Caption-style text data
⟨

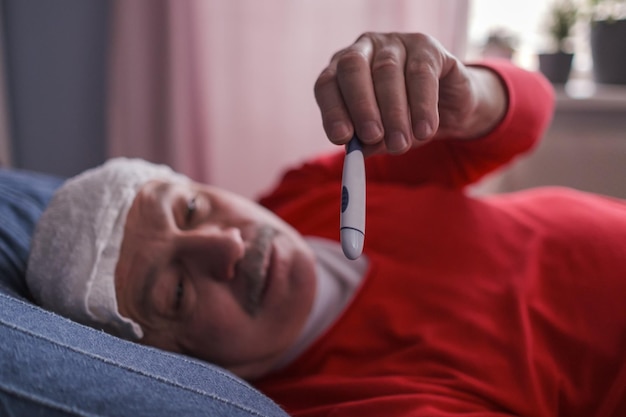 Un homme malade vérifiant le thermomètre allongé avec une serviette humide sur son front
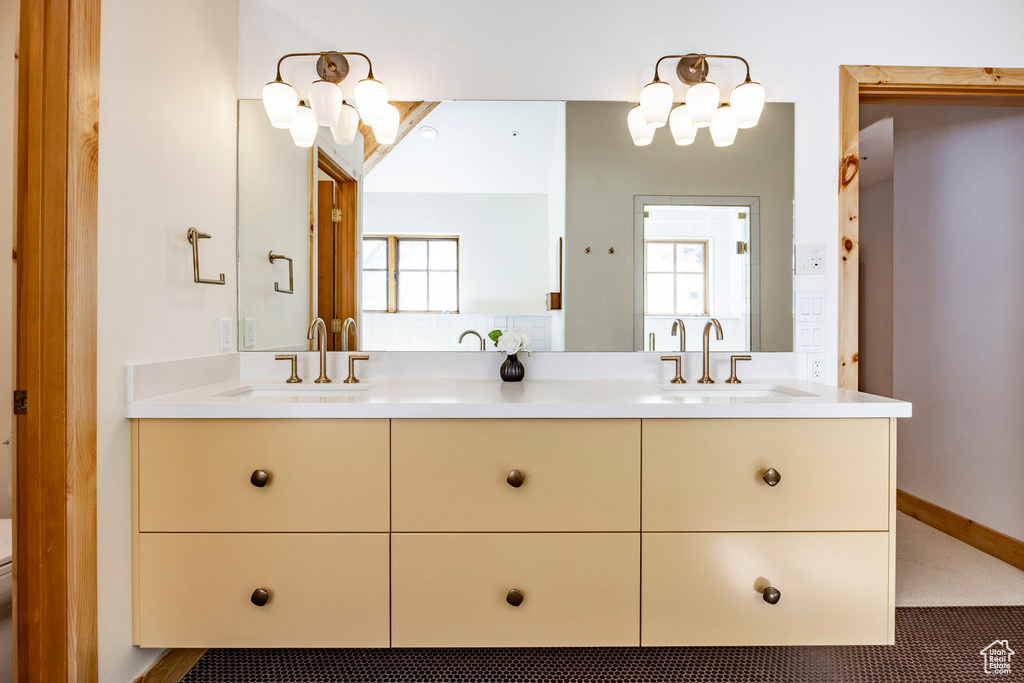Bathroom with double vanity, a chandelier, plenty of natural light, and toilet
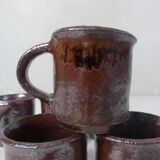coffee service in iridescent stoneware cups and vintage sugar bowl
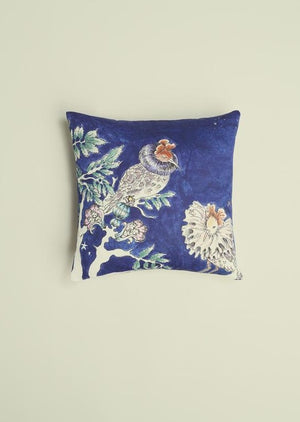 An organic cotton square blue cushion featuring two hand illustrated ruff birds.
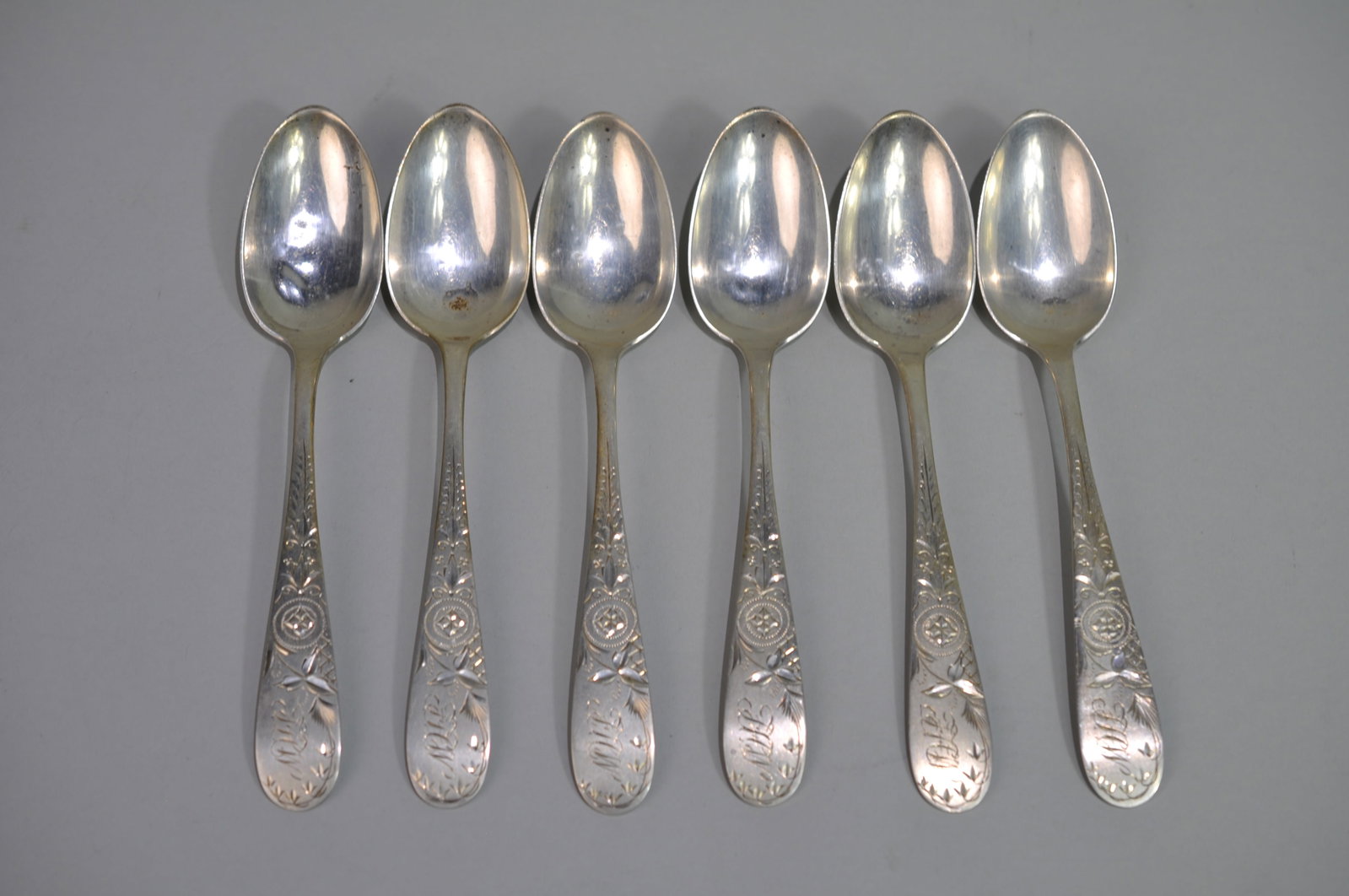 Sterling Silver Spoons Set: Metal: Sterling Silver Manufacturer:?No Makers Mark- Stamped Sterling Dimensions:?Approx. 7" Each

⟩
⟨

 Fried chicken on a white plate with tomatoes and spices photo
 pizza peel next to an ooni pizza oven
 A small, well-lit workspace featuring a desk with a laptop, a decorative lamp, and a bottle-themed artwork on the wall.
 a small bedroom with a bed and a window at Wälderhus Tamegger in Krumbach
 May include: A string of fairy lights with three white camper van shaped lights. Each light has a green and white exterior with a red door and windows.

⟩
⟨

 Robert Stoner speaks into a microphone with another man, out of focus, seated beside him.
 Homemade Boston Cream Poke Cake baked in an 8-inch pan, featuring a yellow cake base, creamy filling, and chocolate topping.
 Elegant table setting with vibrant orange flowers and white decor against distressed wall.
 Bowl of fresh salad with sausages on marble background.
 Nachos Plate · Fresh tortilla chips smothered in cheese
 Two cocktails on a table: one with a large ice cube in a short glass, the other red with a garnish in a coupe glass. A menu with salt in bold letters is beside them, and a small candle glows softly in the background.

⟩

**What is required**
Extract from the data every line where "wall" shows up.

**Output**
 A small, well-lit workspace featuring a desk with a laptop, a decorative lamp, and a bottle-themed artwork on the wall.
 Elegant table setting with vibrant orange flowers and white decor against distressed wall.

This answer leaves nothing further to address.